La restructuration bancaire, au cœur des exigences américaines, est un nœud gordien. Les banques, insolvables, détiennent encore des dépôts gelés de millions de Libanais, tandis que leurs actionnaires, souvent liés à l’élite politique, refusent de reconnaître leurs pertes. Un plan proposé par Salam en février prévoyait de répartir ces pertes entre les banques, leurs propriétaires et les gros déposants, mais il s’est heurté à une levée de boucliers. Les États-Unis insistent pour une recapitalisation et une unification du taux de change, des mesures jugées essentielles pour relancer l’économie et restaurer la confiance des investisseurs internationaux.

L’UE, quant à elle, voit dans une réforme judiciaire le préalable à toute avancée. L’indépendance des juges est cruciale pour enquêter sur les scandales financiers, comme l’explosion du port de Beyrouth en 2020, toujours sans responsables condamnés, ou les détournements dans le secteur électrique, qui coûte 2 milliards de dollars par an à l’État pour un service quasi inexistant. Sans une justice autonome, les fonds publics risquent de continuer à s’évaporer, rendant vaine toute tentative de redressement.
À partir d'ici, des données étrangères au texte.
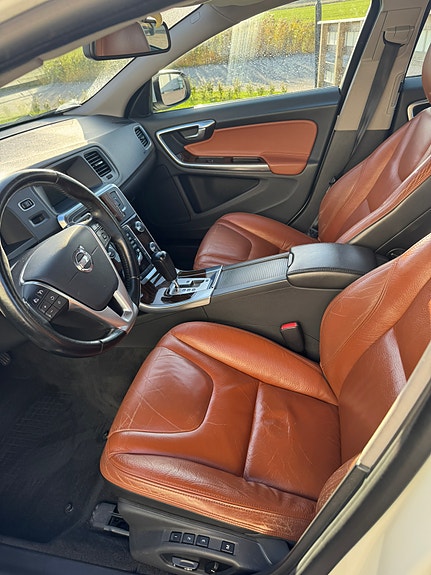 Volvo S60 7 of 10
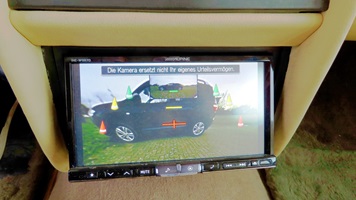 ALPINE-Soundsystem mit Navigation mit Front- und Rückfahrkamera im Rolls-Royce Silver-Shadow II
Une classe politique fracturée

Face à ces pressions, la réponse libanaise est loin d’être unanime. Nawaf Salam, Premier ministre désigné depuis janvier, tente de jouer les équilibristes. Soutenu par une partie de la communauté internationale pour son profil réformateur, il plaide pour une coopération avec Washington et Bruxelles. Le 19 mars, il a appelé à « un consensus national » pour répondre aux exigences du FMI, mais ses efforts se brisent sur les divisions internes. Des ministres proches des partis traditionnels, comme le Hezbollah ou Amal, dénoncent une « ingérence étrangère » et accusent l’Occident de vouloir imposer une restructuration économique au profit des banques étrangères. « Ce n’est pas à Washington ou à Bruxelles de dicter nos lois », a lancé un député influent le 18 mars, reflétant une méfiance historique envers les interventions extérieures.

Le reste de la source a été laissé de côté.